The problems with this are so myriad, I do not think my blog has the bandwidth to publish them. I could rage-shriek terabytes of just angry ululations about how generative AI is a rash that pops up in places you don’t want it, which is to say, literally everywhere. A rash is underselling it. It’s a cancer, bloating into full on metastasis as its tendrils push through our entire information system like the shoots, roots and runners of an invasive plant out to crush everything under a mat of bedstraw and bindweed.

I’ll focus on two things.

First, this just continues to absolutely damage (and ultimately destroy) the fidelity of our information systems. We are fast approaching the point where the boundaries of fiction and truth have dissolved utterly, plunging us into a river of garbage puked up by billionaire computers and their mindless lazy-fuck users. Anything is true. Everything is false. We’re cooked.

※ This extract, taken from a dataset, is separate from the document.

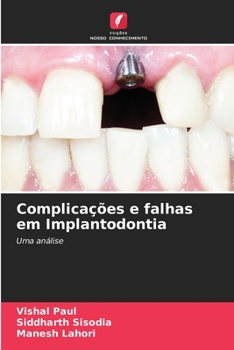 Paperback Complicações e falhas em Implantodontia [Portuguese] Book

Second, the push for AI is by billionaires and tech-bro “break everything and disrupt the world back into the stone ages” villains but it is one seized upon and urged forth by carriers like the writer (“””writer”””) of that article, Marco Buscaglia. That guy was like, “Ennh, I don’t really want to do all this work,” and so he took his brain out of his head, shoved the machine into his empty skull, and gave it a hard poke, telling it to DO SOMETHING. Generative AI is the tool of the lazy and the unimaginative, the slugabed bullshit artist, the idea-fetishist, the disinterested and callous, the ignorant eyes-forced-shut soft-boy dimwits, the people who simply don’t care enough to make the journey and care only to teleport to the destination, the people for whom work and effort and knowledge is all just an impediment to result, result, result. People who want to build a building but don’t want to ever understand how architecture works. People who want to take their driving tests in a Waymo. People who want cheat codes for everything in life. People who are definitely going to try to marry a fuck-bot someday*.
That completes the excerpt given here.